**WHAT YOU HAVE TO DO**
From the line containing "ジャスグリッティー ビット ダッフル コート 紺 ネイビー 1 S アルページュ" through the last line of the records below, each line is to be repeated exactly; pictures are to be omitted.

___ DATA SECTION ___

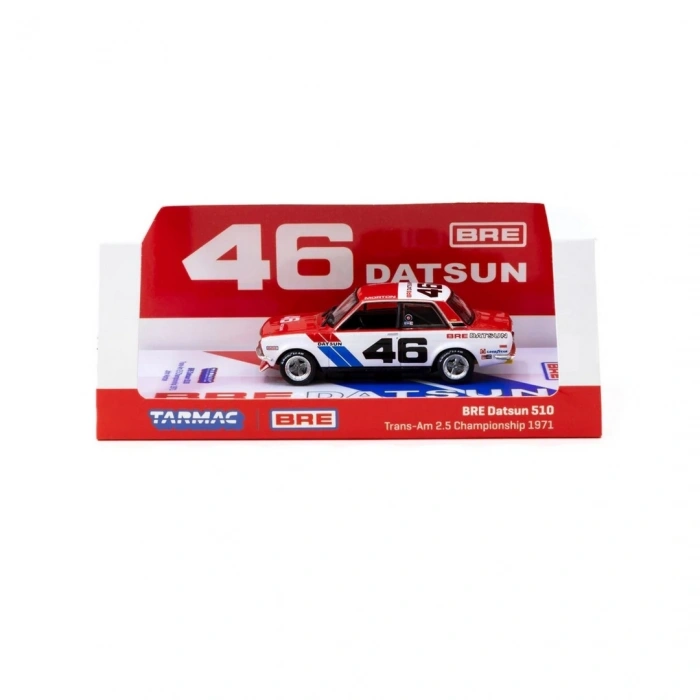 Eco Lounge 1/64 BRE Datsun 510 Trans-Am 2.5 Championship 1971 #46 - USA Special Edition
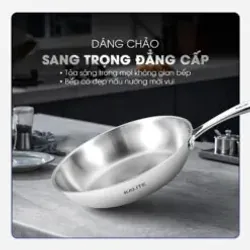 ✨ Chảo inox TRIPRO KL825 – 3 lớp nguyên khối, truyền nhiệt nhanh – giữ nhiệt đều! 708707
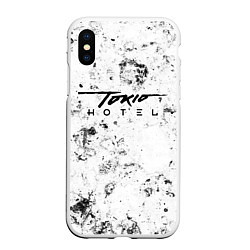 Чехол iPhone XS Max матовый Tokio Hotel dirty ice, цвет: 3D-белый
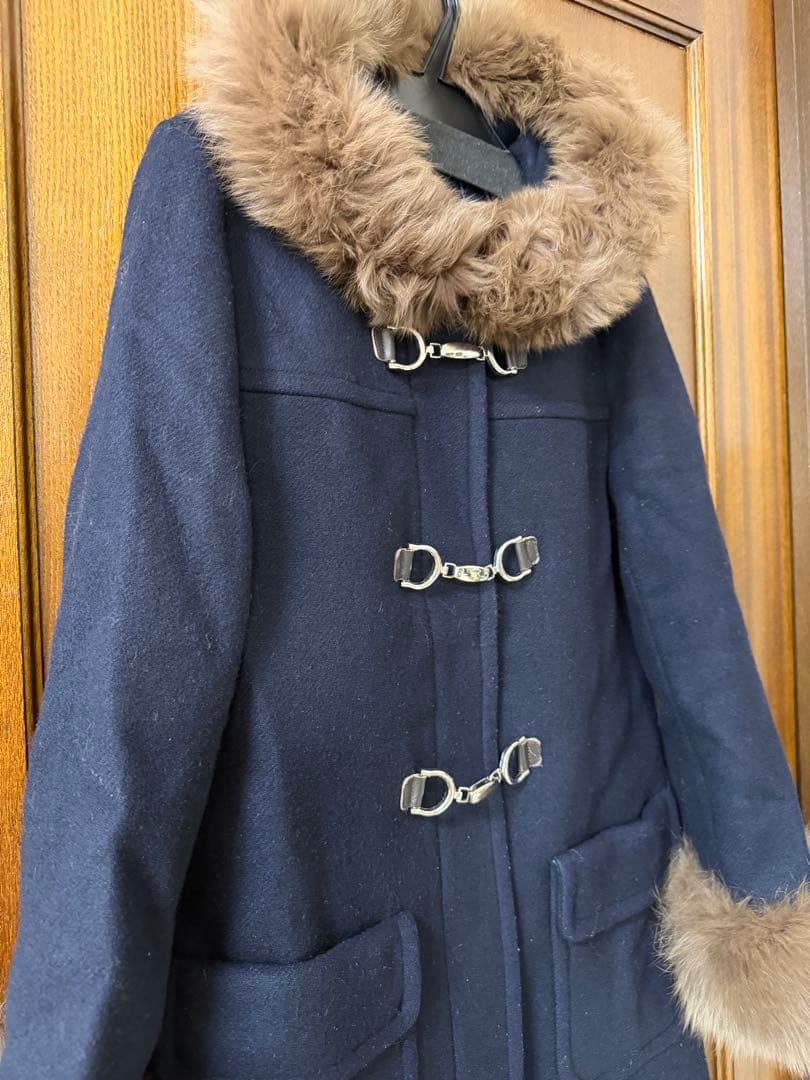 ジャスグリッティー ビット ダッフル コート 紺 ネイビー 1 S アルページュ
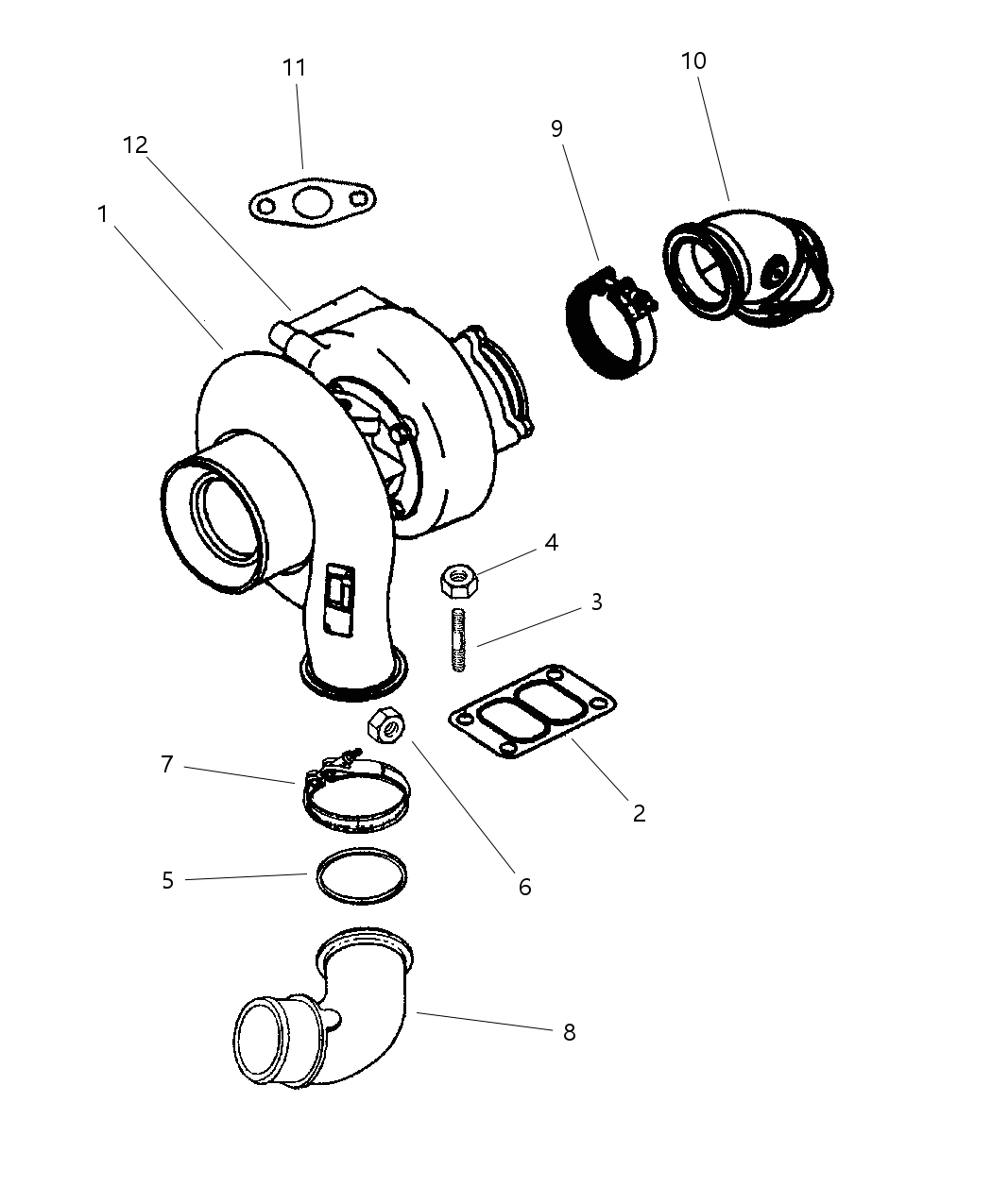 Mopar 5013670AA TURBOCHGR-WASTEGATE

___

**OUTPUT**
 ジャスグリッティー ビット ダッフル コート 紺 ネイビー 1 S アルページュ
 Mopar 5013670AA TURBOCHGR-WASTEGATE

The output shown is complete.